▸ Data extracted from a collection:

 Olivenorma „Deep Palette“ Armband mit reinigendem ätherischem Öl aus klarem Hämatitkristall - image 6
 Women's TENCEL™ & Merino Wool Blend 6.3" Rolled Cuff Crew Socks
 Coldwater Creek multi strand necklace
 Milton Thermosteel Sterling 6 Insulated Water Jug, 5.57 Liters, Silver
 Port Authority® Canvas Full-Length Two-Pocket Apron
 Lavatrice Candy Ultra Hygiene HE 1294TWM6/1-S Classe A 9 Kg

▸ Exercise directions:
Output an exact copy of the lines from the one holding "Women's TENCEL™ &" to the last line of the data, inclusive, and nothing beyond that range.

▸ Task response:
 Women's TENCEL™ & Merino Wool Blend 6.3" Rolled Cuff Crew Socks
 Coldwater Creek multi strand necklace
 Milton Thermosteel Sterling 6 Insulated Water Jug, 5.57 Liters, Silver
 Port Authority® Canvas Full-Length Two-Pocket Apron
 Lavatrice Candy Ultra Hygiene HE 1294TWM6/1-S Classe A 9 Kg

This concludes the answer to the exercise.